Arkansas High School Holds Blacks-Only Assembly on Gang Violence, Drugs
An Arkansas high school is being accused of racism after it held an assembly on drugs and gang violence and instructed only black students to attend.
KATV reports black freshmen at Maumelle High School in Maumelle, 18 miles (29 km) northwest of Little Rock, were called out over the school’s public announcement system shortly after arriving for classes on Wednesday morning. They were told to report to the auditorium for an assembly at which local pastor Dante Shelton discussed his past life of gang violence and drugs. Black girls were allegedly asked why they are attracted to gang members.
Student Arron Perkins and his sister questioned why only black students were called to the assembly.
“When I talked to her about it, she felt that it was very racist,” Perkins told KATV. “Someone in the group asked, why are there no other kids except for African-American kids here?”
“What does that leave kids that are mixed?” added Perkins, who is biracial. “‘Oh, you know, that’s my other side that’s calling, let me go learn about gang-banging.’ To me it’s just wrong on every level.”

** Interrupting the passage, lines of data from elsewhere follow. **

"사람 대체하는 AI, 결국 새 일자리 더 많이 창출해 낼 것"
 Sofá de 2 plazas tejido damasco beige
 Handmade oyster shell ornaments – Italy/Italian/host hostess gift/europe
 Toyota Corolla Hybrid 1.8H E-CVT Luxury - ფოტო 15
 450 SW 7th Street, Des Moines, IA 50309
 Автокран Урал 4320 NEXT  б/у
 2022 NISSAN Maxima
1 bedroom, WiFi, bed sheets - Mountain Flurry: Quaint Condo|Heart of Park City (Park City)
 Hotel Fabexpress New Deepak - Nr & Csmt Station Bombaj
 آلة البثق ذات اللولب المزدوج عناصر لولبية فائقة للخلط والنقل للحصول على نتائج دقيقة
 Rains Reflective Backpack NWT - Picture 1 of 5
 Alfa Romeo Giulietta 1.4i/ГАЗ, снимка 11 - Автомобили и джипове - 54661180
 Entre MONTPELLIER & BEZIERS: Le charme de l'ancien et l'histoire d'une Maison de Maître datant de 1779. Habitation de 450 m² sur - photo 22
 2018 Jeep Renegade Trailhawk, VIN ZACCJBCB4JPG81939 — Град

The Pulaski County Special School District (PCSSD) explained that the assembly was meant to comply with a court desegregation order. The district has been under court supervision since 1982 after a federal district court declared it was practicing unconstitutional racial segregation.
“Freshmen students were identified by the school because it is a time of transition when they are more easily influenced,” PCSSD said in a statement. “Black students were selected with the intent that the assembly would be an extension of the district’s court-ordered desegregation efforts, which encourage programs and opportunities tailored to minority students.”
“Students who did not want to attend the program were not required to do so, and the response to Mr. Shelton’s presentation was overwhelmingly positive,” the district added. “The Pulaski County Special School District regrets that this inspirational program was not made available to all students and in the future will work to ensure that when outside speakers are brought into a school that all students are included.”
Arkansas Times reports the American Civil Liberties Union (ACLU) of Arkansas sent Maumelle High School principal Jeff Senn a letter accusing officials of racial segregation.
“Segregating students by race for a school assembly raises grave concerns for the equal protection rights of the students present,” wrote ACLU of Arkansas legal director Holly Dickson. “If this occurred as reported to us, to be called out in a racially segregated fashion and singled out for a lecture on gangs and drugs violated these students’ rights to equal protection under the law and labels them with harmful stereotypes about students of color.”
In response to the ACLU letter, PCSSD attorney Whitney Moore said the district had made a mistake which it would not repeat.
“Your reported description of the February 17 event is, except for insubstantial details, accurate,” wrote Moore. “The easiest way to begin my response is by simply stating that you are right, we were wrong, and we won’t do it again.”